At the beginning of last week, PetitPotam (Little Hippo) attack made a lot of noise. It could force remote Windows systems to reveal password hashes that could then be easily cracked.

> "The PetitPotam bug is tied to the Windows operating system and the abuse of a remote access protocol called Encrypting File System Remote Protocol (MS-EFSRPC). The protocol is designed to allow Windows systems to access remote encrypted data stores, allowing for management of the data while enforcing access control policies. […]
The PetitPotam PoC is a form of manipulator-in-the-middle (MitM) attack against Microsoft’s NTLM authentication system. Next, an attacker uses the file-sharing protocol Server Message Block (SMB) to request access to a remote system’s MS-EFSRPC interface. According to [security researcher Gilles Lionel], this forces the targeted computer to initiate an authentication procedure and share its authentication details via NTLM.
>
> In response to the public availability of the PoC, Microsoft was quick to respond, outlining several mitigation options. For starters, Microsoft recommends disabling NTLM authentication on Windows domain controllers. It also suggests enabling the Extended Protection for Authentication (EPA) feature on AD CS services."

But there won't be any special fix. Microsoft: "PetitPotam is a classic NTLM Relay Attack, and such attacks have been previously documented by Microsoft along with numerous mitigation options to protect customers."

So, I can only repeat Kevin Beaumont's tweet:

> "Microsoft are no fixing this, so you have an out of the box no auth to Domain Admin path on default config Active Directory environments now, attackers."

> Microsoft are no fixing this, so you have an out of the box no auth to Domain Admin path on default config Active Directory environments now, attackers. pic.twitter.com/t9pOvCKbmT
>
> – Kevin Beaumont (@GossiTheDog) July 24, 2021

Zimbra Hijack

Stored XSS (CVE-2021-35208) and Proxy Servlet Open Redirect (CVE-2021-35209) vulnerabilities in Zimbra.
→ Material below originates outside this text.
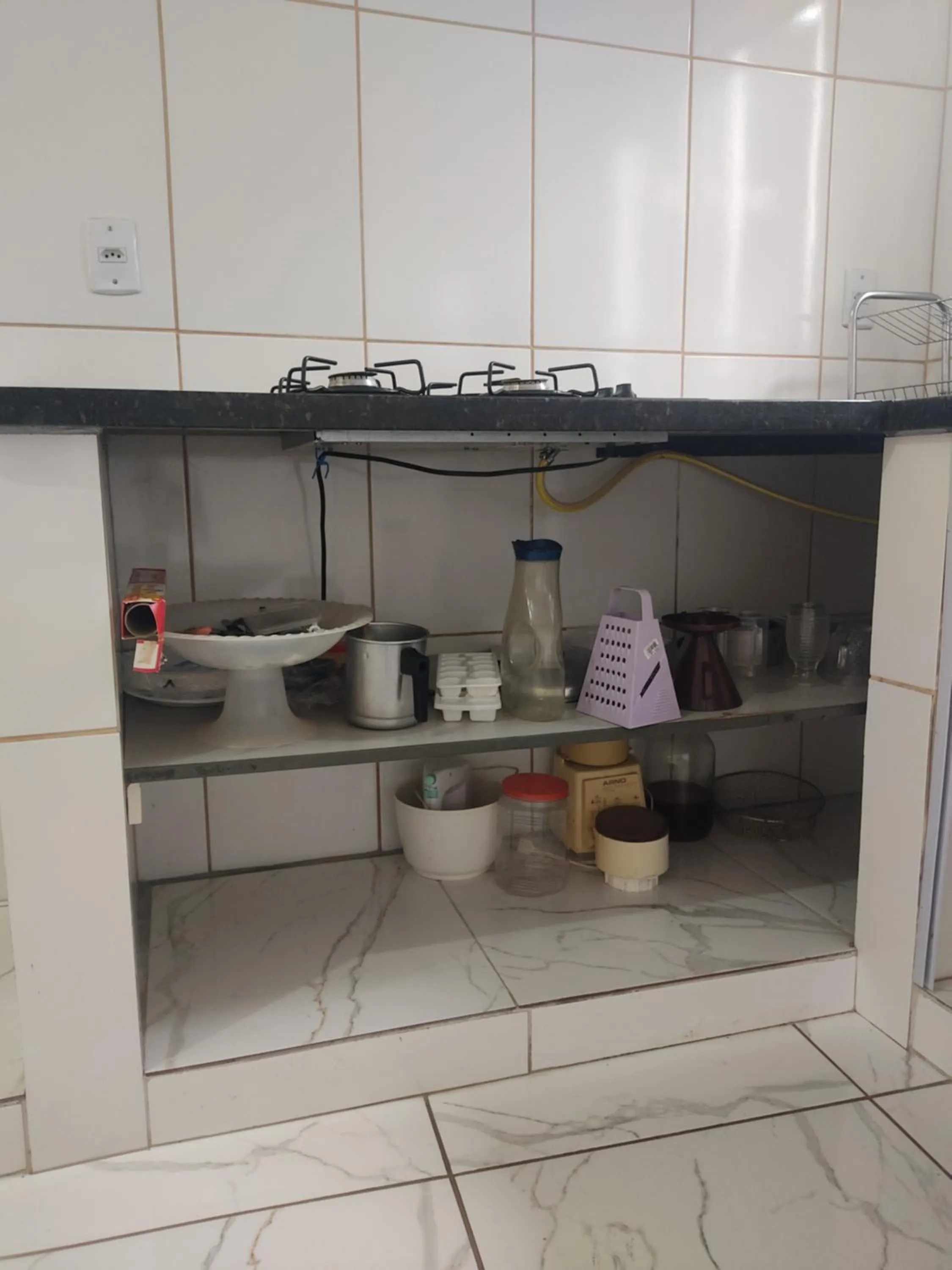 Kitchen or kitchenette in Pousada do Ribeirão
> "Zimbra is a cloud-based email, calendar, and collaboration suite for enterprises and is available both as an open-source version and a commercially supported version with additional features such as a proprietary connector API to synchronize mail, calendar, and contacts to Microsoft Outlook, among others. It's used by over 200,000 businesses across 160 countries." "A combination of these vulnerabilities could enable an unauthenticated attacker to compromise a complete Zimbra webmail server of a targeted organization. […] As a result, an attacker would gain unrestricted access to all sent and received emails of all employees."

There are no public exploits yet for this vulnerability, but if you are using Zimbra in your organization, be sure to update it.

Joint Advisory TOP30 CVEs

Cybersecurity and Infrastructure Security Agency (CISA), the Australian Cyber Security Centre (ACSC), the United Kingdom’s National Cyber Security Centre (NCSC), and the U.S. Federal Bureau of Investigation (FBI) released the Joint Cybersecurity Advisory providing details on the top 30 vulnerabilities—primarily Common Vulnerabilities and Exposures (CVEs) — routinely exploited by malicious cyber actors in 2020 and those being widely exploited thus far in 2021.
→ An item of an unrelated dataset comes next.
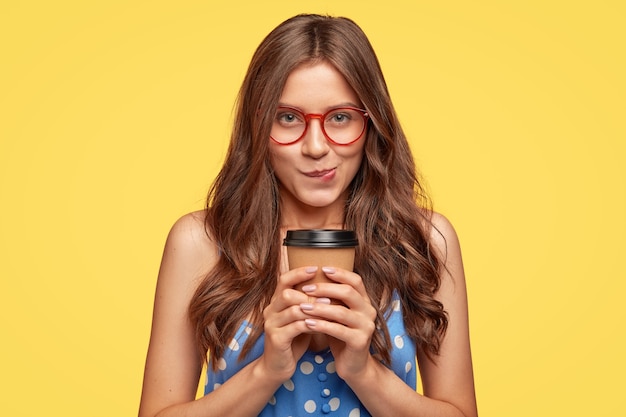 Indoor shot of pretty young woman with glasses posing against the yellow wall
This is not the first such advisory. The previous one was in April, but there were fewer vulnerabilities. I think this is a very good initiative that really helps prioritize vulnerabilities. But, of course, there are questions about the structure and content of the report. For example, there is no complete list of these TOP 30 vulnerabilities. I think a detailed review of vulnerabilities is a topic for a separate episode. This can be done quite simply with Vulristics. Write in the comments if you want to see it.

Here I can only say that the vulnerabilities are related to a wide variety of vendors: Microsoft, Telerik, Drupal, Atlassian, MobileIron, F5-Big IP, Fortinet, Pulse, Citrix, Accellion, VMware. I also liked that among the recommendations for fixing there was "To further assist remediation, automatic software updates should be enabled whenever possible". Of course, updates can sometimes break something, but automated patching is the right goal.